Policing the Waterfront:
Networks, Partnerships,
and the Governance of Port Security
by Russell Brewer (Author)
Long recognised as a
site where criminal elements have flourished, the waterfront has been exploited
for centuries by opportunistic individuals for a whole raft of illicit
purposes. Policing the Waterfront: Networks, Partnerships, and the Governance
of Port Security is the first book of its kind to fully explore the intricacies
of how crime is controlled on the waterfront, and in doing so, seeks to enhance
current theoretical understandings of the policing partnerships that exist
between state and non-state actors.
Charting the complex
configuration of security networks using a range of analytical techniques, this
book presents new empirical data, which exposes and explains the social
structures that enable policing partnerships to function on the waterfront.
Particularly striking is the use of enhanced and adjusted theoretical
discussions, to both shape and develop previous policing and security debates -
resulting in a work that is both innovative and, yet, still routed in the
traditions of empirical
research.

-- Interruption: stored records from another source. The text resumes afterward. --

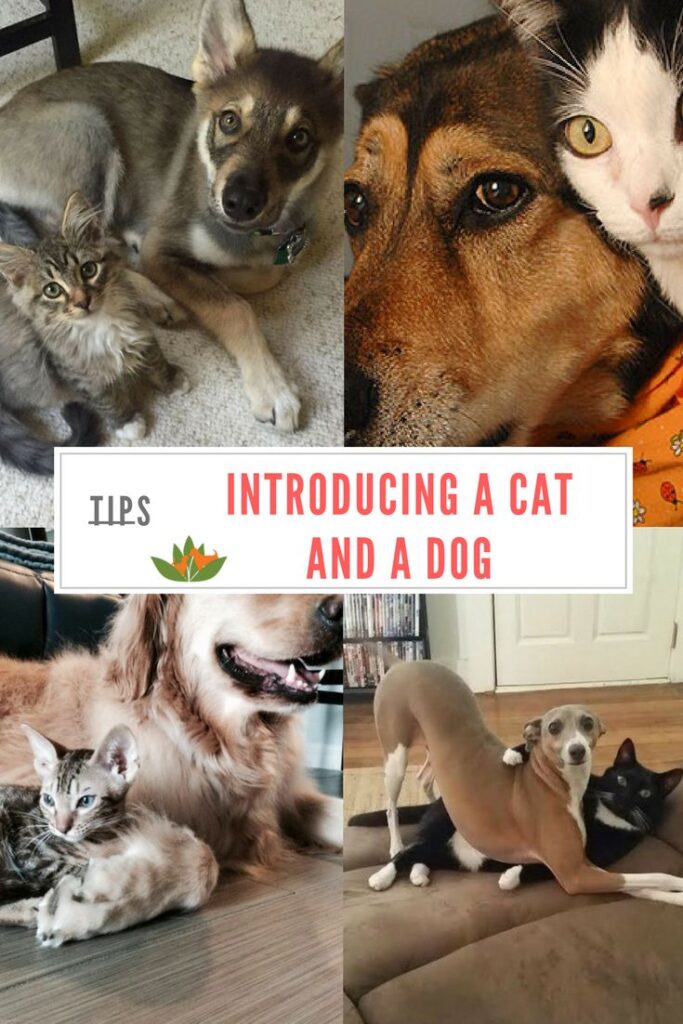 Introducing a New Dog to Cats Made Safe and Easy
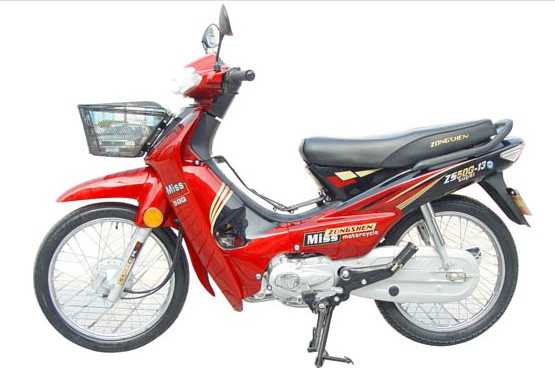 ���� ZS50Q-13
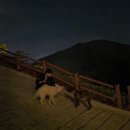 41190-01-07-162 | [경기/가평] 강아지 잔뜩 뵥뵥🫳🫳🐶하는 가평 대원사 템플스테이 (체험형) 후기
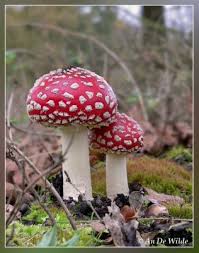 Image result for vliegenzwam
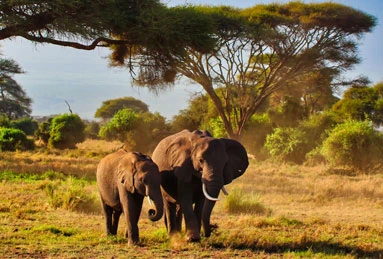 Kenya Travel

The analysis
is achieved through a comparative research design, evaluating the narratives of
both state and non-state security providers at the busiest ports in America and
Australia: the Los Angeles/Long Beach Port Complex and the Port of Melbourne.
Policing the Waterfront
presents a rich and highly original account of the underlying structures that
foster, facilitate, and enhance policing partnerships on the waterfront, and
will be of interest to scholars in the fields of criminology, sociology, law,
socio-legal and policy studies, as well as those researching and studying
policing, regulation, security, mass transportation, and social capital.